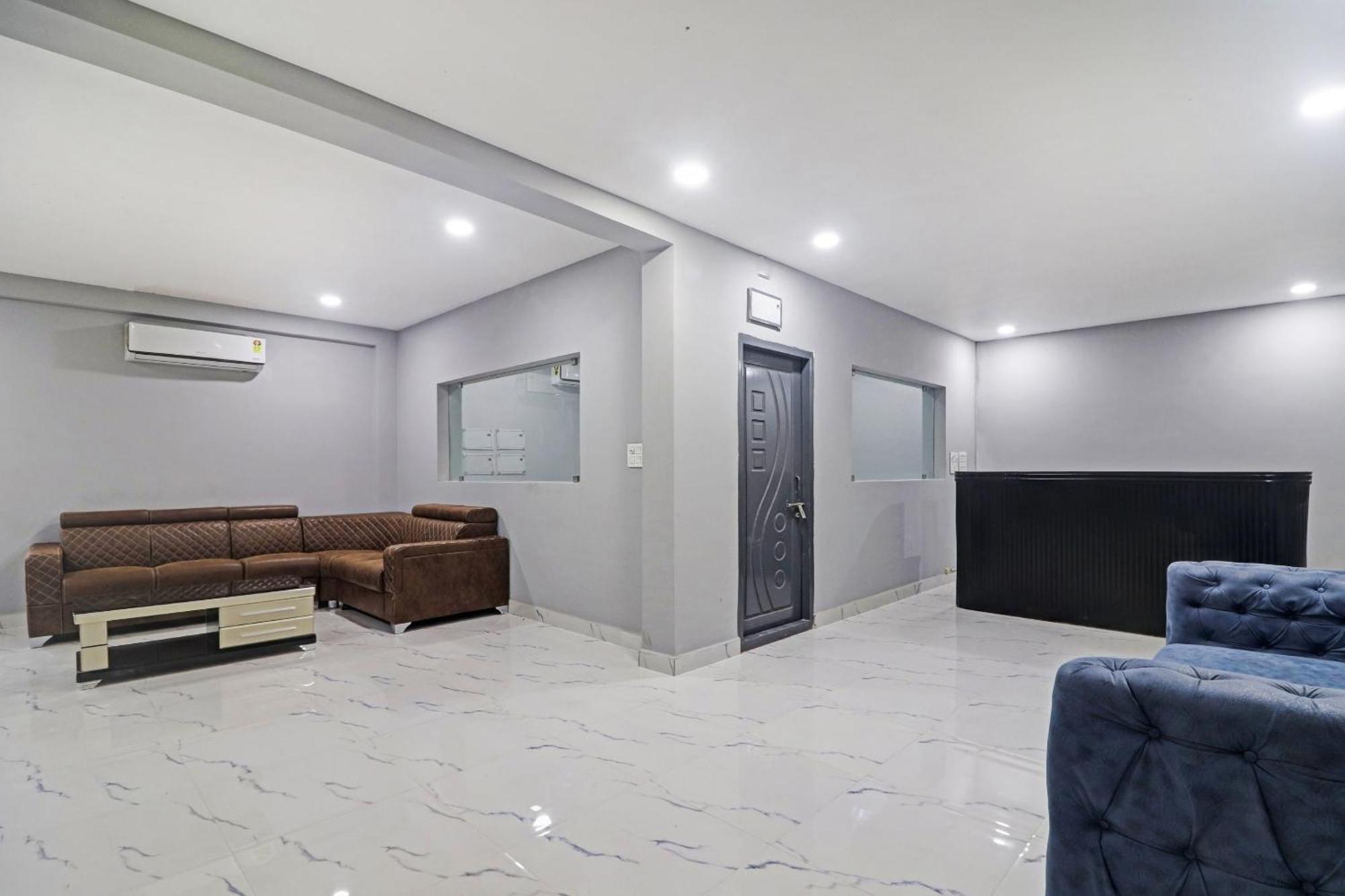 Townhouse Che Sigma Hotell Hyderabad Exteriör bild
* * *
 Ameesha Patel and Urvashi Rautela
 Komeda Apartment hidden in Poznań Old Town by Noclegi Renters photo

WORK INSTRUCTIONS: What are the lines, exactly as written above, from the line with "Ameesha Patel and Urvashi Rautela" to the line with "Komeda Apartment hidden", both included? Output only those.

TASK RESPONSE:
 Ameesha Patel and Urvashi Rautela
 Komeda Apartment hidden in Poznań Old Town by Noclegi Renters photo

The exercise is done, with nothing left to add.